El lamento del mar
Por: Julián Puig Hernández.
La bahía de Puerto Padre parece estar en calma, su color azul se trastoca a un verdoso que es producto de una fusión, es la resultante de la suma de aguas albañales y residuos industriales.
Allá, bien abajo, bulle un calor poco común, por la mezcla química y arde, como una úlcera descarnada o una gastritis reacia a soportar los ácidos que se depositan allí por pura inercia.
Se vuelve difícil la visibilidad en la bahía, por la suma de impurezas depositadas por más de un siglo, y los peces tampoco pueden ver, porque no hay transparencia en las aguas o porque los depredadores fustigan y remueven insistentemente, con el arrastre de redes y chinchorros, las cuevas donde viven. Es difícil sobrevivir a tanta irracionalidad.
La bahía aspira a que llueva, para que se le refresque el rostro, porque los ríos no le tributan el agua necesaria y el calor es inmenso, penetrante y denso.
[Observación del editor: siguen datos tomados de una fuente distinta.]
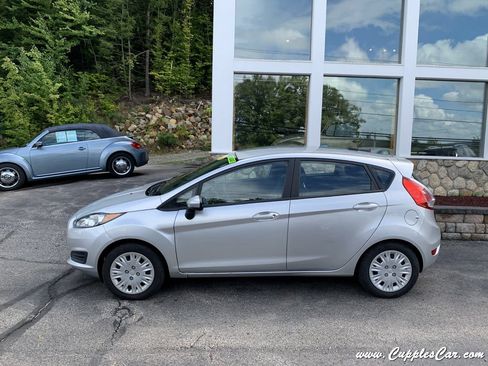 Used 2016 Ford Fiesta S FWD image 11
Tampoco llueve, los añejos bosques, que tenían por herencia el conjuro para atraer los truenos, los chubascos y las tempestades, fueron cercenados.
La bahía espera porque el hombre tome plena conciencia de ella, y le devuelva la vitalidad que tuvo, del cobijo que le da a cientos de especies marinas que alimentan sanamente al propio hombre.
La bahía tiene, a pesar de todos los insultos, una esperanza lozana.